Lesson 7: Distributed Subsystems - Distributed Shared Memory #

Can we make the cluster appear like a shared memory machine?

Introduction #

Distributed Shared Memory (DSM) is a software implementation that provides the illusion of shared memory to applications in a distributed system.
DSM allows exploiting remote memories in a cluster to make it appear as a shared memory machine, simplifying application development.
DSM works by creating an operating system abstraction that provides the illusion of shared memory to applications, even though nodes in the local area network do not physically share memory.

Cluster as a Parallel Machine #

Sequential Program #

To exploit a cluster starting from a sequential program, one possibility is automatic parallelization, which means writing a sequential program and letting a tool identify opportunities for parallelism and map it to the cluster.
Automatic parallelization is an example of implicitly parallel programming, where the program is not written explicitly in parallel but the tool identifies opportunities for parallelism and maps it to the cluster.
High Performance Fortran is an example of a programming language that does automatic parallelization, where the user uses directives for distribution of data and computation.
Automatic parallelization works well for certain classes of programs called data parallel programs, where the data accesses are fairly static and determinable at compile time.

Message Passing #

The other way to exploit a cluster is to write the program as a truly parallel program, where the application programmer thinks about the application and writes the program explicitly in parallel.
There are two styles of explicitly parallel programs: message passing style and shared memory style.
The message passing style is true to the physical nature of the cluster, where every processor has its private memory and cannot directly access the memory of another processor. It uses a message passing library that provides primitives for application threads to do sends and receives to peers executing on other nodes of the cluster.
Examples of message passing libraries include MPI, PVM, and CLF from Digital Equipment Corporation, and many scientific applications running on large scale clusters use this style of programming using MPI as the message passing fabric.
The downside to the message-passing style of programming is that it is difficult to program, as it requires the programmer to think in terms of coordinating the activities of different processes by explicitly sending and receiving messages from their peers, which is a radical change of thinking in terms of how to structure a program.

DSM #

The DSM abstraction is a way of giving the illusion to the application programmer that all the memory in the entire cluster is shared, even though it is not physically shared.
The DSM library provides a shared memory semantic to the application program, allowing for an easier transition path from a sequential program or program written on an SMP to a program that runs on the cluster.
The DSM abstraction eliminates the need for marshaling and unmarshaling arguments being passed from one processor to another, as all of that is handled by the fact that there is shared memory.
The DSM abstraction gives the same level of comfort to a programmer who is used to programming on a true shared memory machine when they move to a cluster, as they can use the same set of primitives for synchronization and thread creation.
The advantage of DSM style of writing an explicitly parallel program is that it allows for thinking in terms of shared memory, sharing pointers across the entire cluster, and using locks and barriers for synchronization.
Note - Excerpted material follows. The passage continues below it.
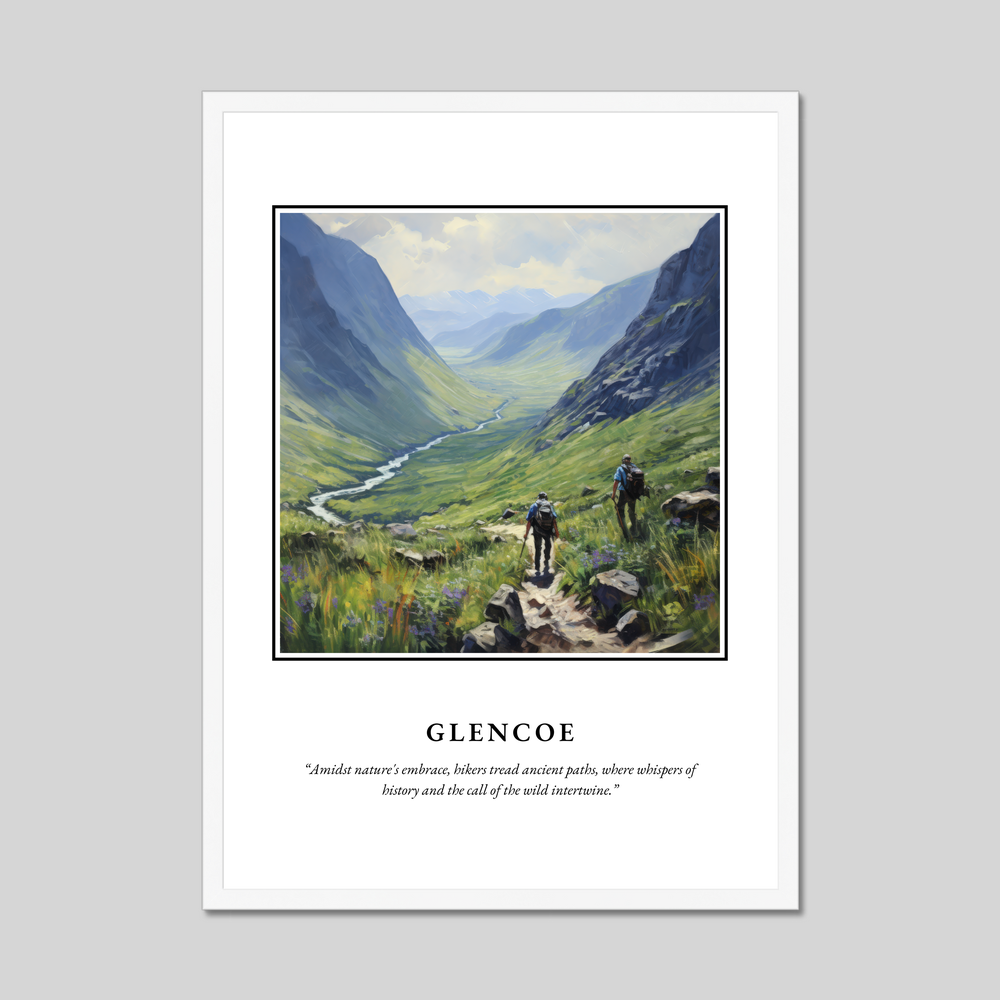 Poster in a white frame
History of Shared Memory Systems #

The history of shared memory systems over the last 20+ years shows the space occupied by the efforts to build shared memory systems in hardware and software.
Software DSM was first thought of in the mid-80s, with systems like Ivy, Clouds Operating System, and similar systems built at UPenn.
In the early ’90s, systems like Munin and TreadMarks were built, followed by Blizzard, Shasta, Cashmere, and Beehive in the later half of the ’90s.
Structured DSM provided a higher-level abstraction than just memory to computations that needed to be built on a cluster. Systems like Linda, Orca, Stampede, and PTS were built in the early to mid-’90s.
Early hardware shared memory systems like BBN Butterfly and Sequent Symmetry appeared in the market in the mid-’80s, followed by KSR-1, Alewife, and DASH in the early to mid-’90s.
Commercial versions of distributed shared memory machines like SGI Origin 2000 and SGI Altix were built, with thousands of processors in the latter.
IBM Bluegene is another example of a shared memory system, and clusters of SMPs have become the workhorses in data centers.
It is important to reflect on the progress made in shared memory systems and learn about the details of machines built in the past, either in hardware or software.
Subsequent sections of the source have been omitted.